= Frédérique Battin-Leclerc =

French combustion chemist

Frédérique Battin-Leclerc (born 1964) is a French chemist who studies combustion, particularly gas-phase combustion of hydrocarbons including biofuels, in order to develop cleaner-burning automotive fuels. She is a director of research for the French National Centre for Scientific Research (CNRS), affiliated with the Laboratoire Réactions et Génie des Procédés in Nancy, France.

==Education and career==
Battin-Leclerc was born in 1964. She earned an engineering degree from the École nationale supérieure des industries chimiques in Nancy in 1987, completed a Ph.D. at the National Polytechnic Institute of Lorraine in Nancy in 1991, and earned a habilitation at the National Polytechnic Institute of Lorraine in 1997.

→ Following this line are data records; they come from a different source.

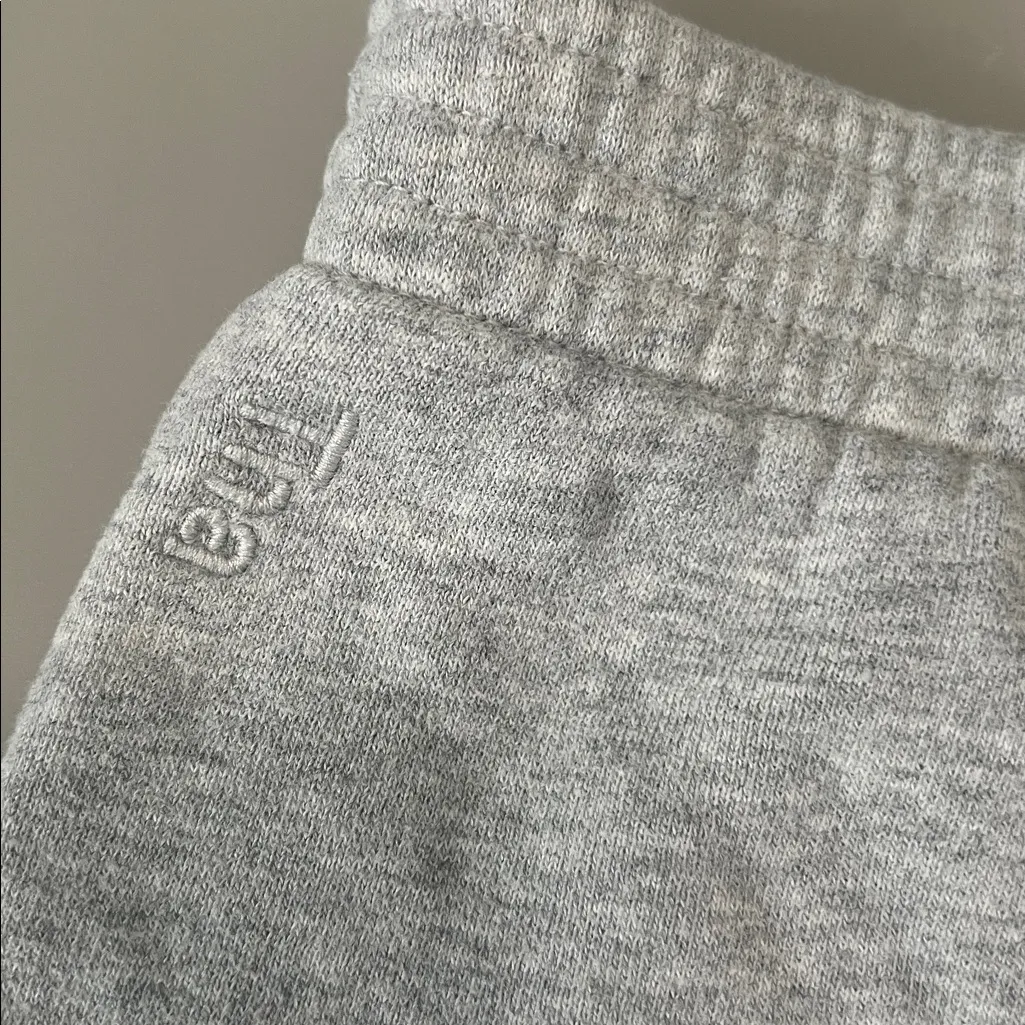 Aritzia TNA Cozy Gray Sweat Shorts Size XS - Image 3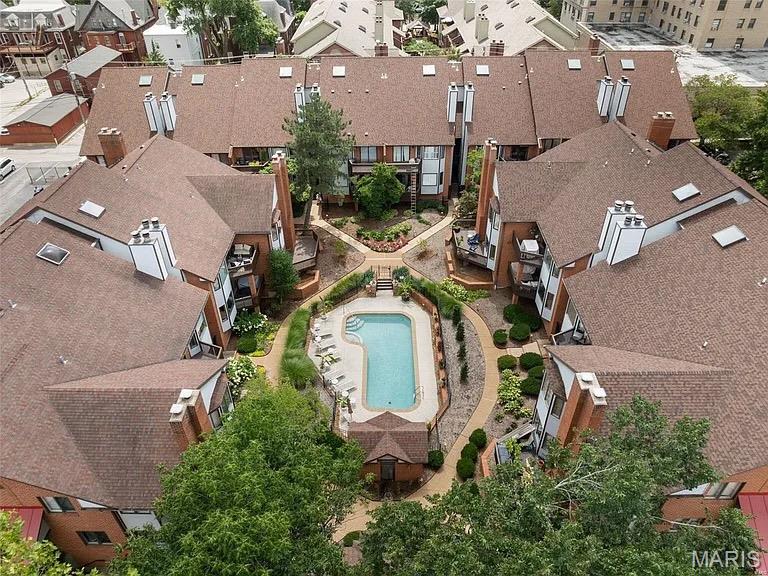 Lindell Place Condos Ph 02 - Residential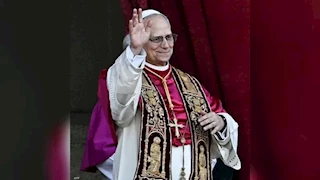 بابا الفاتيكان يدعو القادة السياسيين في لبنان لتوحيد صفوفهم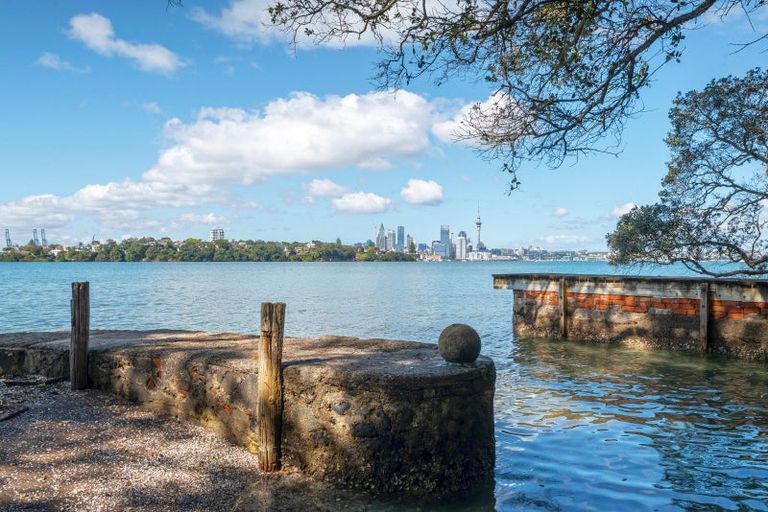 Photo of property in 51 Norwood Road, Bayswater, Auckland, 0622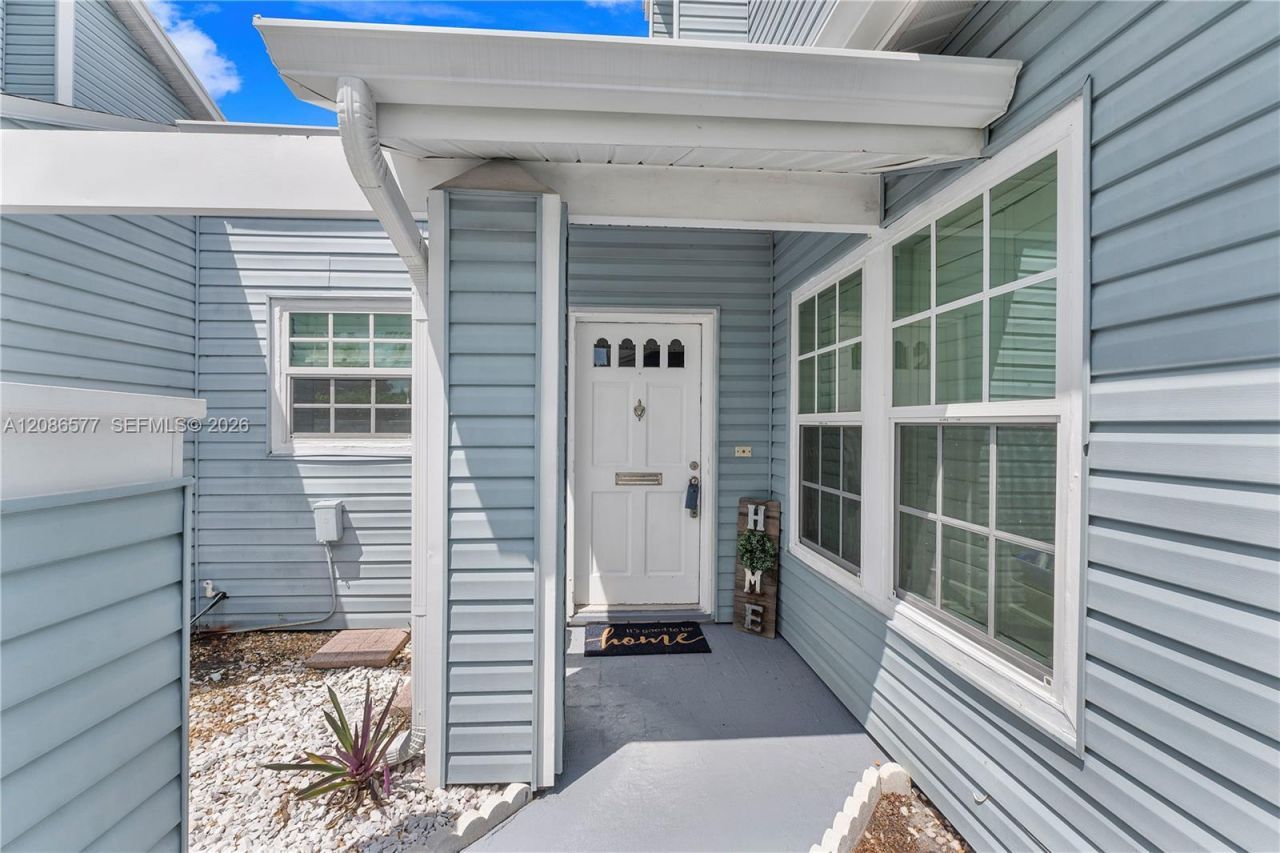 3839 Island Club Cir, Lake Worth, FL 33462 Photo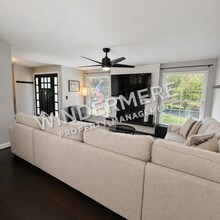 585 Fairwood Way NW in Bremerton, WA - Building Photo - Building Photo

She has been a researcher for the CNRS since 1991.

==Recognition==
Battin-Leclerc won the CNRS Silver Medal in 2010, and was named as a knight in the Ordre national du Mérite in 2012.

She was elected to the inaugural 2018 class of Fellows of The Combustion Institute, "for innovative research on the formulation of detailed chemical mechanisms for complex practical fuels".

She was the 2022 recipient of the Polanyi Medal of the Royal Society of Chemistry.